= Théâtre des Variétés-Amusantes =

The Théâtre des Variétés-Amusantes (/fr/) was a theatre company in Paris.

==History==
In 1778, Louis Lécluse (or Lécluze), a former actor at the Opéra-Comique turned dentist, opened a theatre at foire Saint-Laurent, which shortly afterwards he transferred to the boulevard du Temple, at the corner of rue de Lancry and rue de Bondy (now rue René-Boulanger, Xe arrondissement).

Unable to bear the hostility this new enterprise generated, Lécluse ceded his theatre and its company to three former dancers of the Opéra – Fierville fils, Malter and Hamoir – as well as the financier Lemercier. The theatre opened on 12 April 1779 and it attracted large audiences by its varied and well-performed repertoire. Dorvigny wrote several plays for it, including Janot ou les Battus paient l'amende (11 June 1779), which was a great success.
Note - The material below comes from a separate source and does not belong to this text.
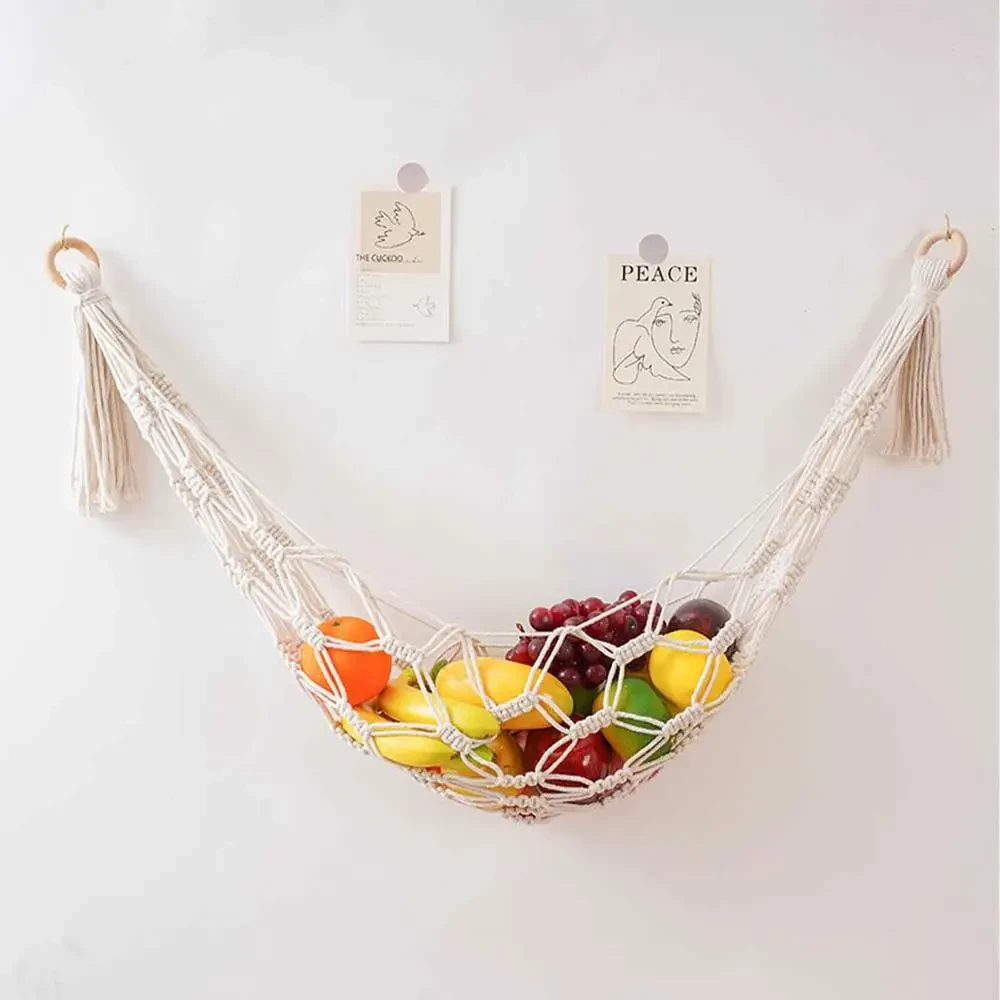 Toy storage hammock for playrooms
In 1784, the theatre's directors had their privilege revoked by a Conseil d'État decree, in favour of Gaillard and Dorfeuille, after a complaint from the Académie royale de Musique. The new directors moved the theatre to the Palais-Royal and opened their new building on 1 January 1785, under the name Variétés du Palais-Royal. Its fare until that date had been farces, which they replaced with comedies, welcoming Monvel and Julie Candeille, then Talma, Dugazon and Mme Vestris. From then on the theatre was renamed the Théâtre-Français de la rue Richelieu, then the Théâtre de la République.